Grind coconut, garlic, lime leaf, and palm sugar. Just before seving toss all together and add nuts.
Ikan Bumbu Acar
600g sardines or other small fish (cleaned)
2 teaspoons salt
6 tablespoons oil
2 cabe
13 cabe rawit
2 bawang putih
7 bawang merah
1cm jahe
1cm galangal
2 lge tomato in wedges
2 tablespoons air asam (tamarind)
1 daun salam
½ teaspoon gula
3 tablespoon water
fresh basil garnish
SPICE PASTE
2.5cm turmeric peeled and chopped
1cm jahe
2 candlenuts
2 bawang merah di iris
2 bawang putih di iris
1 teaspoon white peppercorns crushed
½ teaspoon coriander seeds crushed
2 tablespoons oil
Grind and saute spice paste and then set aside.
Wash fish and sprinke with salt and set aside
Heat 3 tablespoons oil and saute cabe, garlic, bawang merah, jahe, galangal, tomato, asam, and daun salam on high heat for one min.
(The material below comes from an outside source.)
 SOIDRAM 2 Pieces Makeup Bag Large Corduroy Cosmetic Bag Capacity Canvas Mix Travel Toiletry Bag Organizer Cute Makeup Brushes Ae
Add gula and then spice paste and cook fr two more min all the time stirring.
In another pan fry fish until golden. Combine with spice sauce and water in a wok. Add basil.
Ikan Bakar Colo Colo
whole snapper 1 kg
1 tablespoon lime juice
¼ teaspoon salt
2 tablespoons oil
banana leaf or foil
COLO COLO SAMBAL
3 tablespoons lime or lemon juice
2 tomato
5 cabe seeded and sliced
4 bawang merah
4 soy sauce
4 sprigs basil
Bake fish in foil or leaf. Add sambal when serving.
Telur Petis
4 cups coconut milk
4 cabe rawit
3 daun serai
3 daun salam
1 tablespoon petis (sticky black shrimp paste)
8 duck eggs
fried shallots for garnish
SPICE PASTE
8 cabe
6 bawang merah
4 bawang putih
1cm turmeric
1cm galangal
½ teaspoon terasi (dried paste)
2 tablespoon oil
1 teaspoon gula
Hard boil the eggs. Prepare spice paste. Add sugar and saute one min.
Add coconut milk, cabe, serai, salam, and terasi and salt. Bring slowly to boil and add eggs. Simmer until sauce thickens.
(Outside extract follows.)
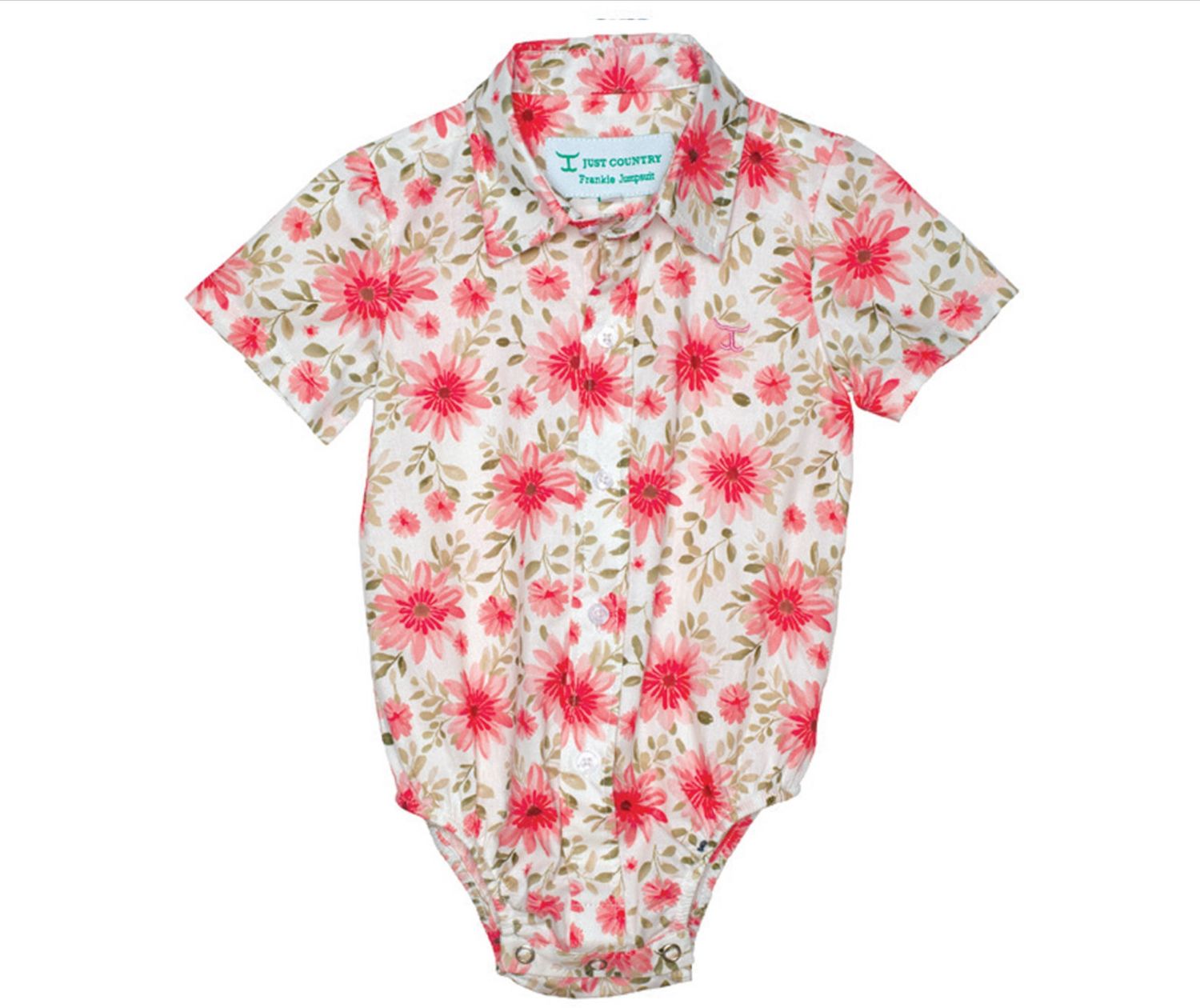 JC INFANTS FRANKIE JUMP SUIT WHITE GERBERAS., Size: 000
Sambal Tappa (Green Mangoes and Tuna)
5 sour green mangoes peeled and coarsly shredded
2 teaspoons salt
600g fresh tuna grilled and flaked
3 bawang merah sliced
1 teaspoon white pepper corns ground
¼ cup thick cocnut milk
mix mangoes with salt and set aside for 10 min. Squeeze to remove sour liquid. Mix with other ingredients and serve.
Chawan Mushi
SOUP (dashi)
2 heaped handfuls of katsuo bushi
2 pieces on konbu
800 ml water
shouyu
salt
To water add kombu and bring to boil. Simmer for a while and then add bonito flakes for 30 seconds only. Remove bonito flakes and kombu and add a little salt and soya sauce. Let sit until cold.
ebi
tori niku or sakana
kama boko
matsutake
ginnan (ginko nut)
4 eggs in a bowl. Beat and add cold soup. Pour the egg/soup mix over the above contents in chawan which are set in a big pot with some water in the bottom. Place lid on the big pot and heat 3 minutes on high and 10 minutes on low.